In the attic of a house in Brașov, numerous works of the painter Margarete Depner have been kept for decades, in high piety, without any public knowledge of their existence.Margarete Depner was born in 1885 and died in 1970 in Brașov, were she lived. The original paintings, graphic works and sculptures have been entrusted to an author in Vienna, Lisa Fischer, who, starting 2007, began returning these almost unknown values in the history of Brasov to the public.
The musical pages signed by the painter Margarete Depner's nephew, the composer Paul Richter from Brasov (1875-1950) are also very little known today; a musician who was appreciated by George Enescu and was an extremely active cultural factor in Brașov in the years between the two world wars, whose collection of documents is also pending a return while being kept by The House of the Mureseni Museum ( Muzeul Casa Mureșenilor) in Brașov. Between the brief speeches of Walter Rothensteiner, the president of Raiffeisen Bank, who sponsored the project, the ones of Mr.

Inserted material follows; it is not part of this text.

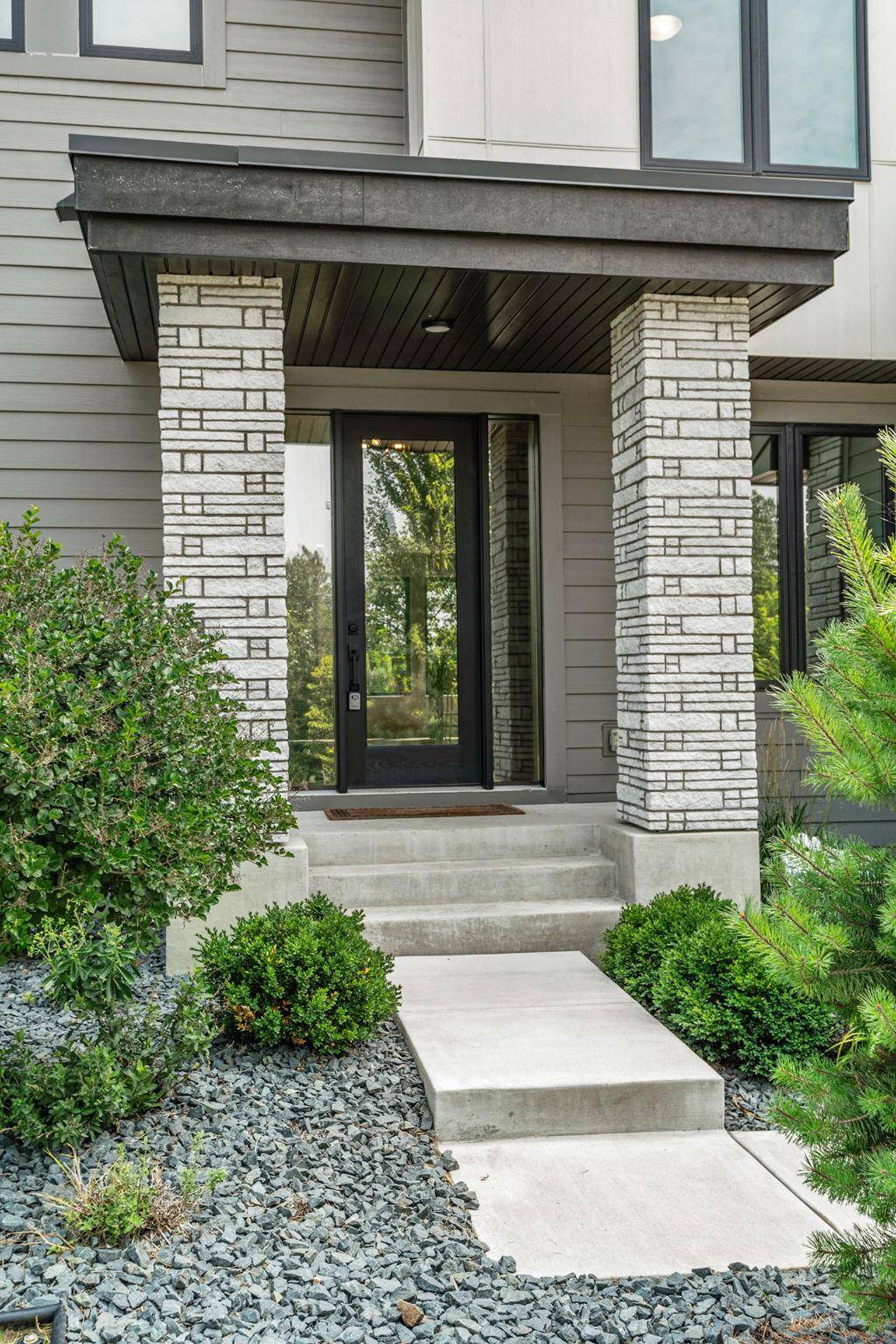 14029 Mckenna RD NW, Prior Lake, MN 55372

Silvia Davidoiu, Romania's ambassador to Vienna and of Lisa Fischer, the author of the book, we had the pleasure of listening to the Quartet no. 2 in D Minor by Paul Richter played by a band from Sibiu.

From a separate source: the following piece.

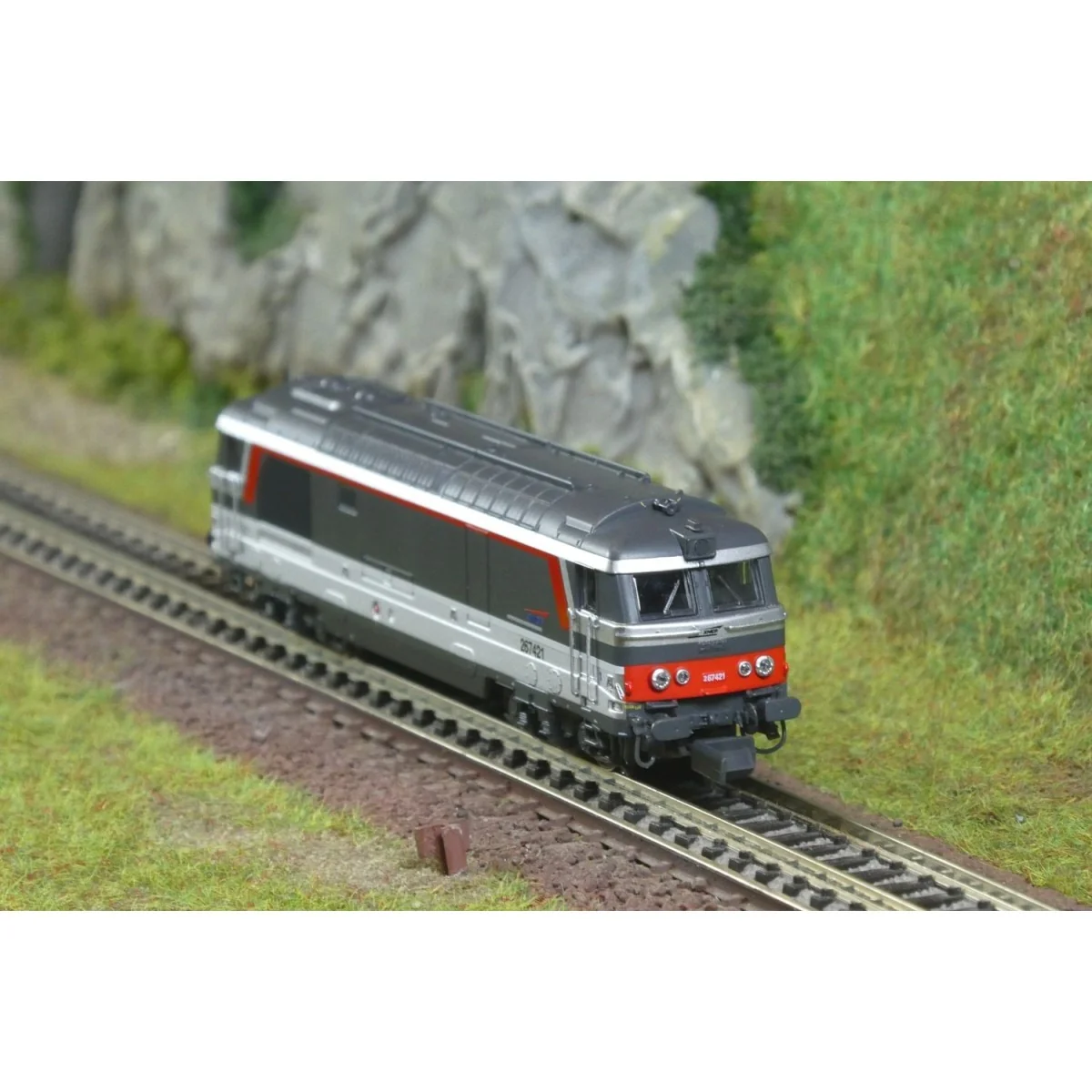 Locomotive diesel BB 67421, livrée MULTISERVICE, NEVERS, N 1/160 - ...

Cultural Closeness between Vienna and Brașov
Kurt Philippi, Melinda Béres, Anna Dénes and Margit Kardos being the members of the Sine Domine Ouartet, its interludes were carefully prepared, carrying us in the musical atmosphere of a past Brașov. The alert pen of the profound composer, Paul Richter, made us feel the historical nostalgia of the German-Austrian music: Reger's greatness, or old Beethoven's solemnity, the sentimental, danceable melodic of the folk music from the outskirts of Vienna. Throughout this entire event, I felt a vivid dialogue between past and present. And we can only rejoice at the thought that, for the time being, the cultural-geographic distance (or closeness) between Vienna and Brasov is seen with a higher degree of willingness than it had been in Margarete Depner's time, a time marked by World Wars, Nazism and Communism.